Amigos do Fingidor

sexta-feira, 9 de agosto de 2013

Platônica XI




                                                                             Jane Cony

 

         Por volta de dez horas chegava nosso companheiro de chá, e mesmo estando ocupados com as lidas de montar uma exposição, parávamos para conversar e aprender com Luiz Bacellar. Escolhíamos o tipo de chá, às vezes pela sua exoticidade e daí fluía uma conversa sobre fitoterápicos, ou sobre uma matéria de alguma revista ou livro que estava lendo.  Às vezes discutíamos alguns clássicos da literatura que hoje poucos leem e que muitos perdem. Com Luiz, voltei a falar e reler meus amados russos. 

        Há onze meses, o Velho Poeta não nos fala das peculiaridades de ervas e chás, das histórias da aristocracia vitoriana ou das mudanças em algum dos quartéis de armas no escudo de sua família.

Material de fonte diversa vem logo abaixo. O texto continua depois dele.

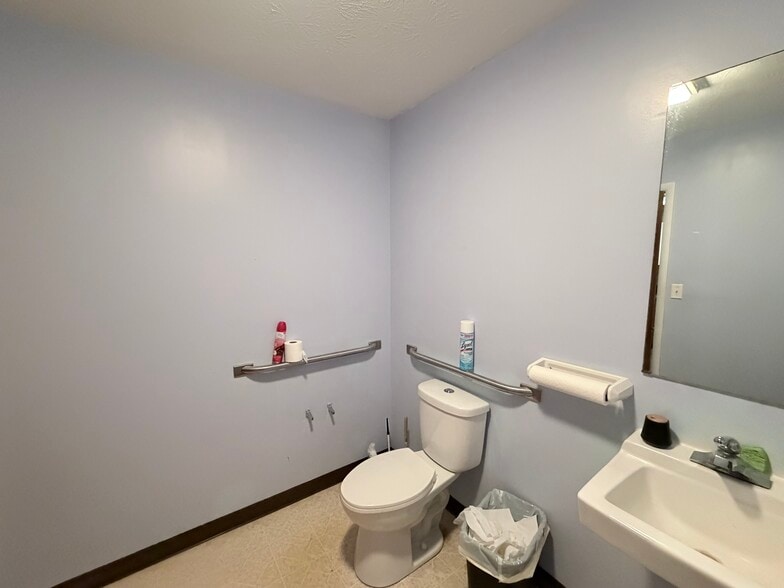 More Photos Of 4803 W 71st St, Indianapolis Medical For Sale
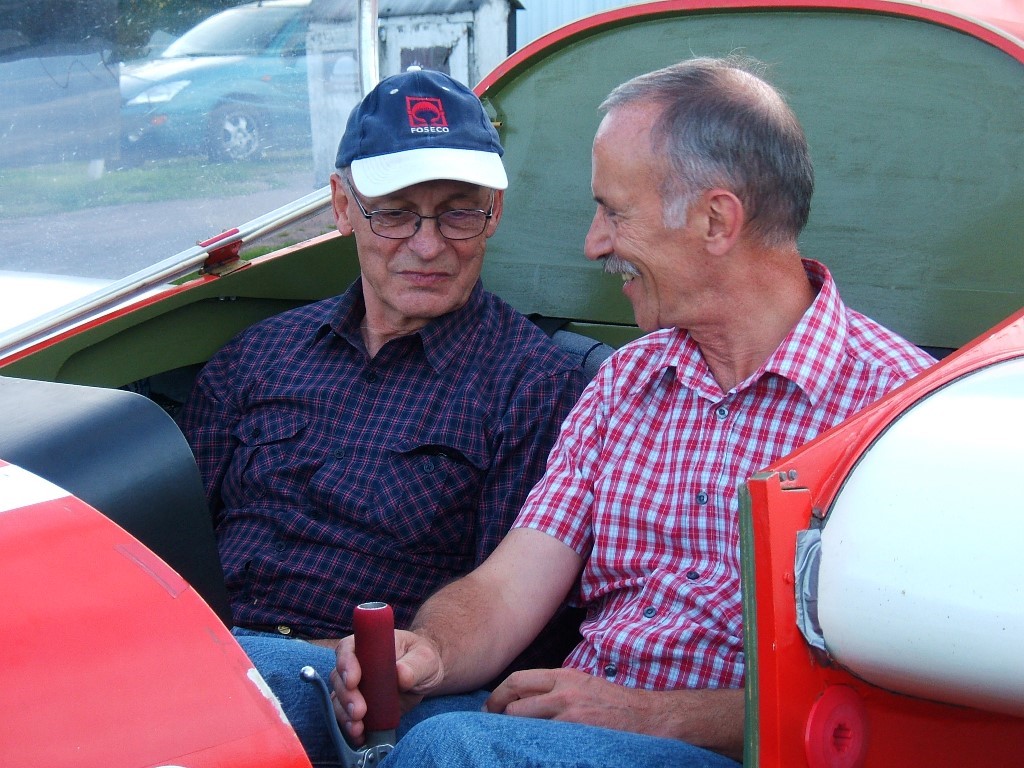 Sitzprobe im Cockpit.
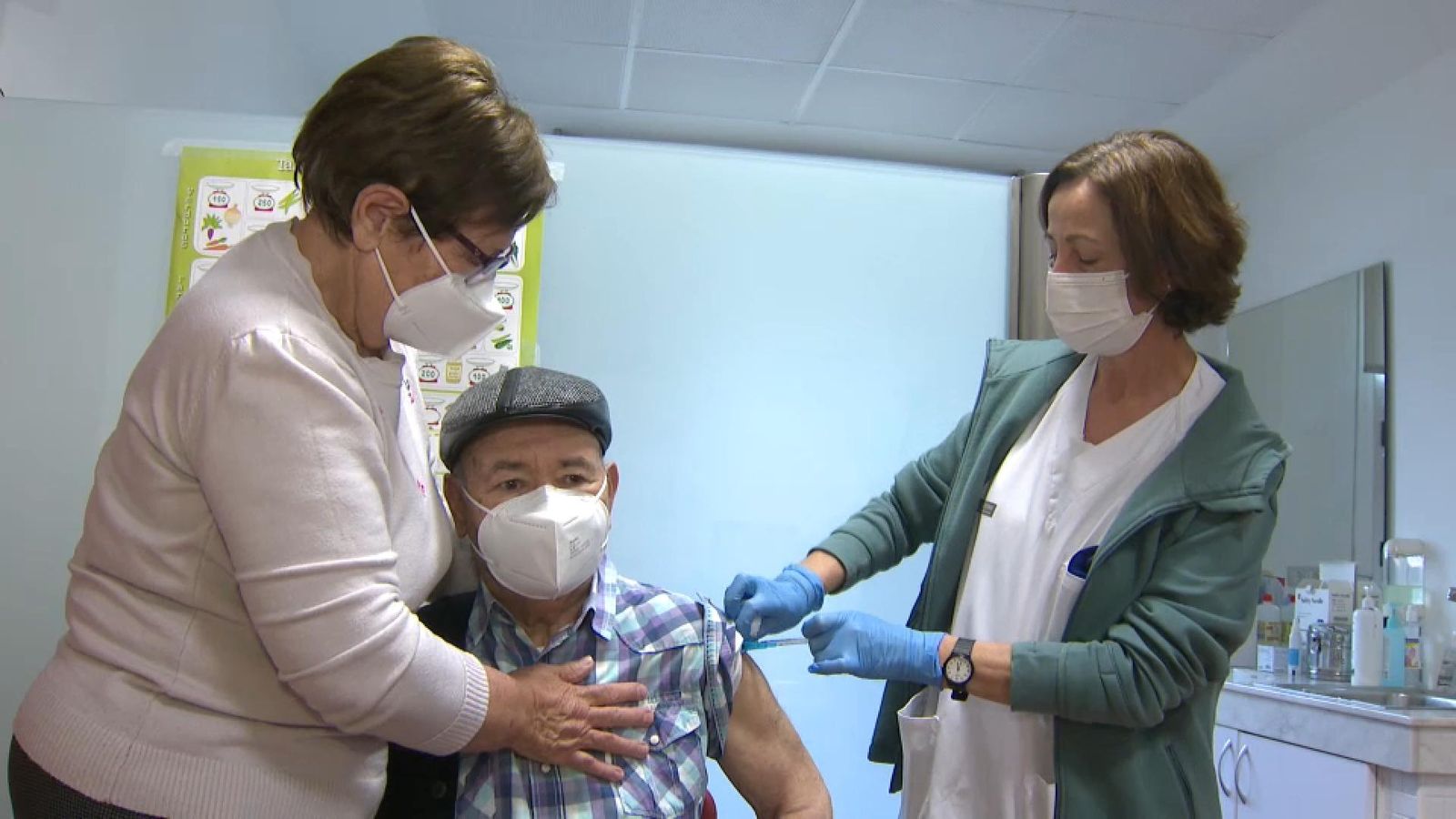 Vacunació al centre de salut de Sedaví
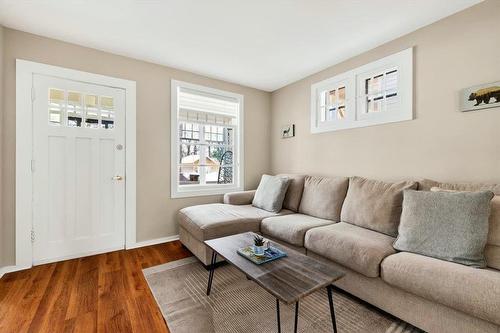 112 Egerton Road, Winnipeg, MB - Indoor Photo Showing Living Room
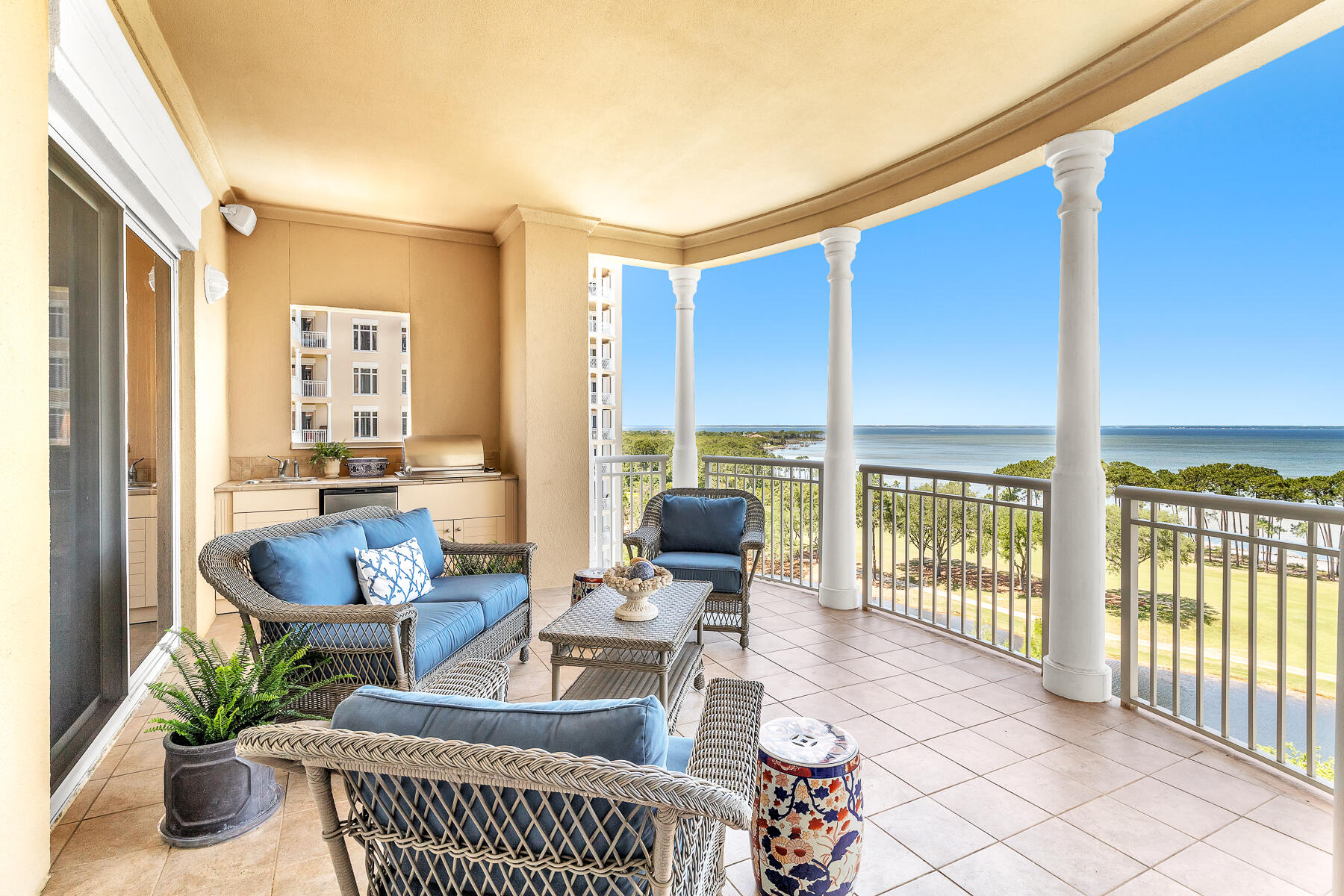 ONE WATER PLACE - Residential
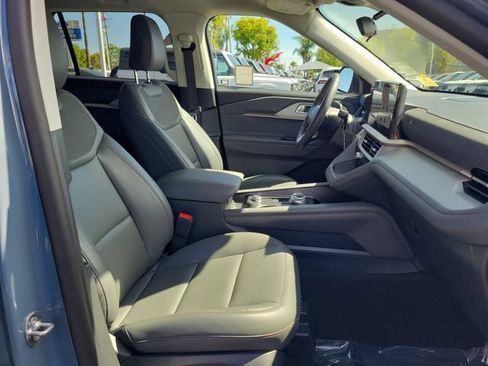 Used 2026 Ford Explorer Active w/ Active Comfort Package RWD image 17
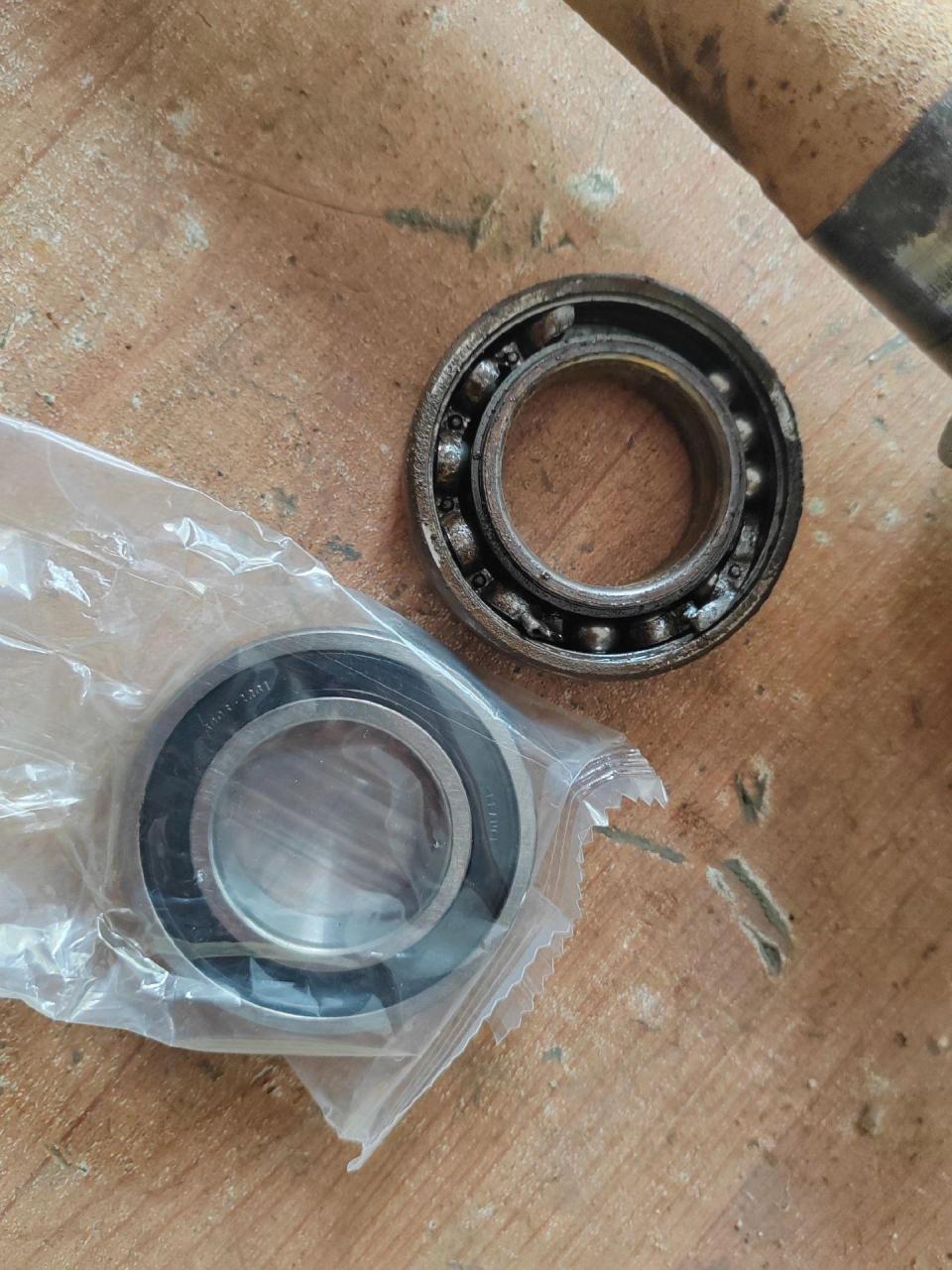 东风风神s30行驶中有吱吱异响,经检查底盘发现右侧半轴过桥轴承损坏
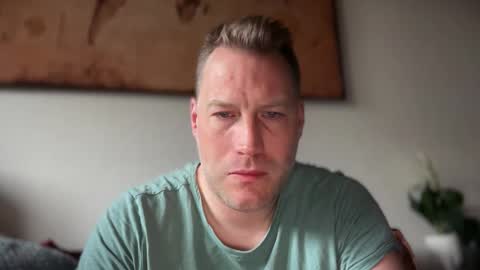 Christian online show from 04/12/26, 06:18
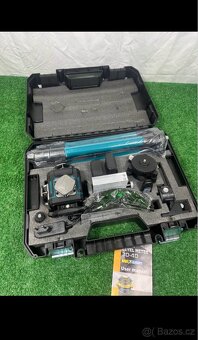 Samonivelační Laser 4x360° se stativem - 9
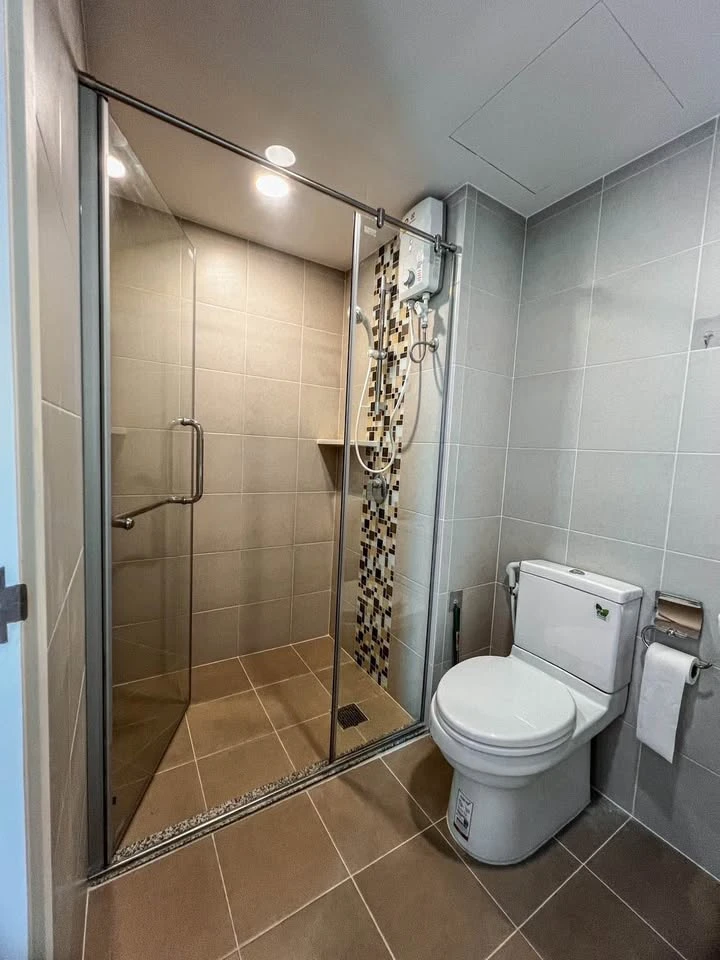 For rent Supalai Veranda Phasi Charoen Station, 21st floor, Building A, corner room, city view, no blocked view, interested, reserve now.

Mas em mim ainda está muito presente nosso último encontro na Fundação. Cheguei como sempre por volta de nove horas com as revistas e guloseimas.  Respirando fundo antes de entrar para que meus olhos, como sempre, não mostrassem nada além de amor, respeito e otimismo. 

         Ele estava dormindo quase em posição fetal, com o telefone no ouvido. O arrumei no travesseiro, coloquei o telefone ao seu lado e fiquei sentada rezando ao Deus que conheço que não queria ver o Luiz altivo e orgulhoso, como alguns dos velhinhos ao nosso redor. Implorei a Deus que o levasse antes que ele perdesse o que mais prezava: sua sanidade, o pensamento ágil. Ele acordou, falamos um pouco e voltou a dormir. Fiquei mais um pouco. Foi à única vez que chorei por Luiz Bacellar. 

        Ele partiu, mas está sempre presente quando alguém fala no meio da manhã: Vamos tomar um chá?  E a cadeira onde ele costumava sentar geralmente fica vazia nesses momentos. E entre um assunto e outro sobre a cidade, sempre se ouve: O que Bacellar diria?  Cá entre meus botões, penso: responderia com uma ironia mordaz, que poucos entenderiam.